Debunking 11 myths about the 2013 NBA Finals

Soobum Im-USA TODAY Sports

The Hook takes a look at a number of stupid themes revolving around the Finals and dismisses them.

The NBA Finals are here. You'll be unsurprised to learn that there is SO MUCH AT STAKE. Legacies, theories, pantheon placement, inner truths, blah blah blah blah blah. This is an attempt to debunk 11 of those ... things that have popped up since the Heat earned their berth this week. Only a minority of them are straw men.

1. In no way will Game 1 decide the series. The result of Game 1 won't even suggest what type of series this will be. As proof, I submit Game 1 of the 2012 Finals, which the Oklahoma City Thunder won by 11. The Heat won the next four games for the gentlemen's sweep. Of course, that Thunder win came at home; a Spurs win in Miami would be different in that it would shift the balance of home court advantage. But the Heat have shown they can win on the road against very good teams, and the Spurs dropped a game in San Antonio to the Warriors earlier this postseason. Game 1 simply gets one of the teams closer to their goal of four wins and could potentially shift home court advantage. That's it. A loss by either team does not remotely foretell doom.

2. This series will not determine whether the Spurs are a dynasty. It has been six years since San Antonio made the Finals. Rulers don't go on vacation for six years. I prefer to think of dynasties how historians typically do: periods of uninterrupted rule. In my book, a three-peat gets you a dynasty. Regardless, the Spurs are on a totally incredible run that exceeds in length even the Magic-Bird teams of the '80s. Isn't that enough?

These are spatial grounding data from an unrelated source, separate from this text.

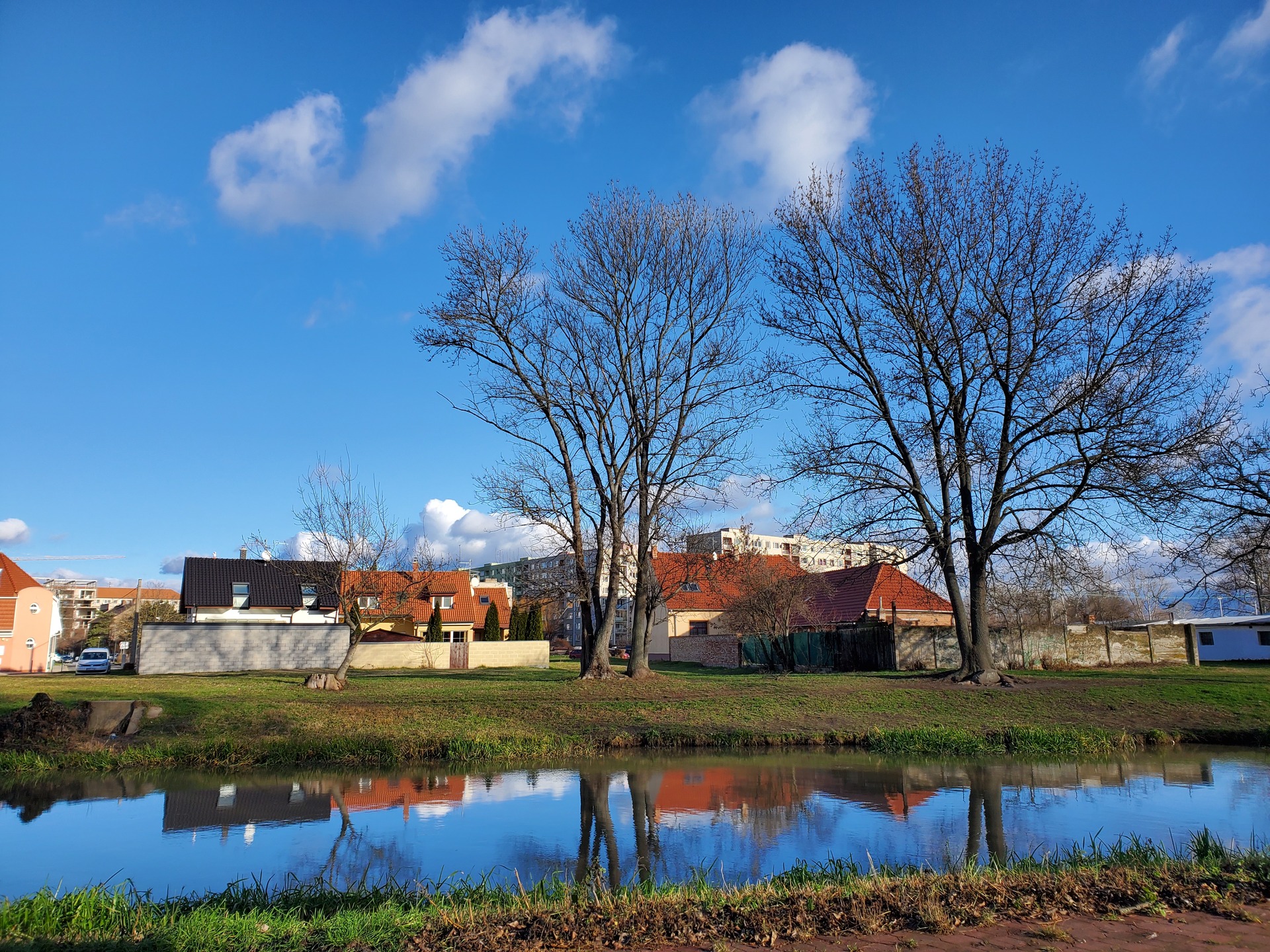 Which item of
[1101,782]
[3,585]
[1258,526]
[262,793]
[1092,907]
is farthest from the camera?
[3,585]

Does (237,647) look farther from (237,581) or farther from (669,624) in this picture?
(669,624)

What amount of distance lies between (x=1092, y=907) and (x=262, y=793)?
1003cm

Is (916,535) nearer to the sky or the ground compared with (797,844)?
nearer to the sky

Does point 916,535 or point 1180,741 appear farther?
point 916,535

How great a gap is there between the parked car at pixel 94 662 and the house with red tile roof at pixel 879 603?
34512 mm

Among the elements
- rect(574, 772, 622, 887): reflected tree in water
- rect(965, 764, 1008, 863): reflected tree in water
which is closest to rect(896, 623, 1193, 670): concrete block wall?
rect(965, 764, 1008, 863): reflected tree in water

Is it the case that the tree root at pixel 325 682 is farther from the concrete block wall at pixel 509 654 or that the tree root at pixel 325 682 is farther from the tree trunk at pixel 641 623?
the concrete block wall at pixel 509 654

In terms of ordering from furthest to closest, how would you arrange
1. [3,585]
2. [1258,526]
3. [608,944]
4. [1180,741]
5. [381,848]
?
[3,585], [1258,526], [1180,741], [381,848], [608,944]

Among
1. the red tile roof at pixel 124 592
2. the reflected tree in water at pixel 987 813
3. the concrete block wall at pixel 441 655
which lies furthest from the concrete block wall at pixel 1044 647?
the red tile roof at pixel 124 592

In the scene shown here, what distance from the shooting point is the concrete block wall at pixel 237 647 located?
32.6 meters

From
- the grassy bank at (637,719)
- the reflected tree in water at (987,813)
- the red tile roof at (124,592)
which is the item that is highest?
the red tile roof at (124,592)

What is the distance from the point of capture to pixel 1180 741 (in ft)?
53.9

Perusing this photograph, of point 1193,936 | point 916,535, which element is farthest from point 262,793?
point 916,535

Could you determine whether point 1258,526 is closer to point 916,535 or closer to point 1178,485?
point 1178,485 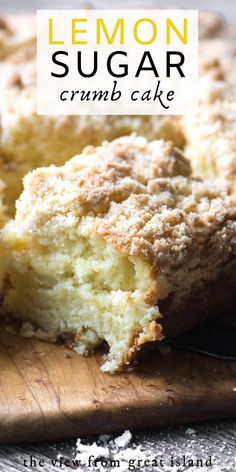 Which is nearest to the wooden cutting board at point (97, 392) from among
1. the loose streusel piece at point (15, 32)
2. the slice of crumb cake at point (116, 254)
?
the slice of crumb cake at point (116, 254)

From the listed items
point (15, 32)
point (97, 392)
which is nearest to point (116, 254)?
point (97, 392)

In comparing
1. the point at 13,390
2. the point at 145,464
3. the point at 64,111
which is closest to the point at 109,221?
the point at 13,390

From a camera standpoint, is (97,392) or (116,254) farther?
(116,254)

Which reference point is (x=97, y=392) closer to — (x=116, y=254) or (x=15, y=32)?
(x=116, y=254)

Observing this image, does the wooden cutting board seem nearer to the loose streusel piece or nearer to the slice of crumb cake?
the slice of crumb cake

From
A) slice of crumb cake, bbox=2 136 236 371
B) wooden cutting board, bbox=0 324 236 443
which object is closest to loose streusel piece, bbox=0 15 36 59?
slice of crumb cake, bbox=2 136 236 371

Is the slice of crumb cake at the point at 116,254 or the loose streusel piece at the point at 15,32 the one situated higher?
the loose streusel piece at the point at 15,32

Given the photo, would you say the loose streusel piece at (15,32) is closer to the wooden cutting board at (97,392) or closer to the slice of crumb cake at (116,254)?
the slice of crumb cake at (116,254) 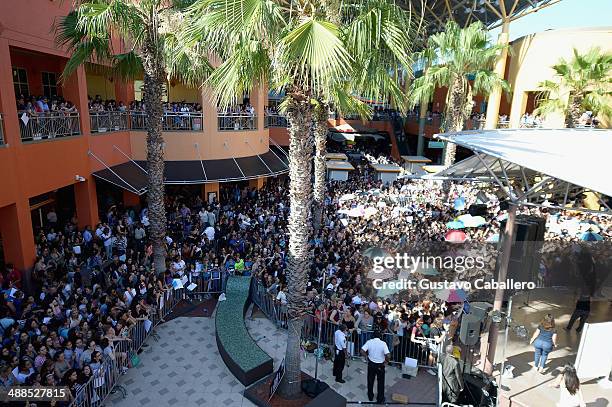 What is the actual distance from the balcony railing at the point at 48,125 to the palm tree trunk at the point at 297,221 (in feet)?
30.3

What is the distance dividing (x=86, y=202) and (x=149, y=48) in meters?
7.08

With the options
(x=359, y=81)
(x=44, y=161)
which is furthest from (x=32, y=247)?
(x=359, y=81)

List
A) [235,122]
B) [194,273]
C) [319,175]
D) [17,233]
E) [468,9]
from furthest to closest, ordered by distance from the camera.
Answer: [468,9] < [235,122] < [319,175] < [194,273] < [17,233]

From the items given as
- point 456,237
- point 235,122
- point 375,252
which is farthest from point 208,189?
point 456,237

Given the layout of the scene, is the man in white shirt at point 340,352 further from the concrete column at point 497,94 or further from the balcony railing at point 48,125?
the concrete column at point 497,94

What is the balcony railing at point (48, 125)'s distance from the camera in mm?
12641

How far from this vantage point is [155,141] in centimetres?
1264

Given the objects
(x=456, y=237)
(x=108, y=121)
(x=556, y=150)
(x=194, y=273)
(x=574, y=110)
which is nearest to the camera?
(x=556, y=150)

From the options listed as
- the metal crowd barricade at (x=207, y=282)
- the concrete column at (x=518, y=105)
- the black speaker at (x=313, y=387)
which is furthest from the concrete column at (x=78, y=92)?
the concrete column at (x=518, y=105)

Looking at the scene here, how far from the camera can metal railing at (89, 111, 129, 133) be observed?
1691 centimetres

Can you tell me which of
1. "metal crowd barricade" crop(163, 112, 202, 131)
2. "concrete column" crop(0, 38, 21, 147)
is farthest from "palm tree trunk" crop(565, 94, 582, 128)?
"concrete column" crop(0, 38, 21, 147)

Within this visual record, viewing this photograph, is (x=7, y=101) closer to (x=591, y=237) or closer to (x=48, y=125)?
(x=48, y=125)

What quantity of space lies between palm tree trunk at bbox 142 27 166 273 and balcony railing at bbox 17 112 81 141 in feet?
11.7

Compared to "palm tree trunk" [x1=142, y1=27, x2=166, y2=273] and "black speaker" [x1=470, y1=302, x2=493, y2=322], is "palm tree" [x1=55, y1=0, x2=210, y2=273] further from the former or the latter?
"black speaker" [x1=470, y1=302, x2=493, y2=322]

3. In no way does this series decide whether LeBron James is a legend, a true MVP, the G.O.A.T., a fraud, an underachiever, immortal or anything else. LeBron has four undisputed, hard-earned MVP trophies and one Finals MVP. He has impeccable numbers. This is his eighth consecutive postseason, and he has never lost in the first round. This is his fourth Finals appearance in 10 seasons, and he has been the undisputed best player on his team heading into each. Also, he's only 28, so he has as many as 12 years remaining to continue to build his legacy.

Another ring would be most excellent for his legacy; if he doesn't finish with a good number of them, he will be looked at differently than the greats with multiple championships. But this series says nothing about next year, or the up to 11 that may follow. Seriously, Tim Duncan is 36 and doing this thing and people think LeBron's legacy will be made or broken at age 28?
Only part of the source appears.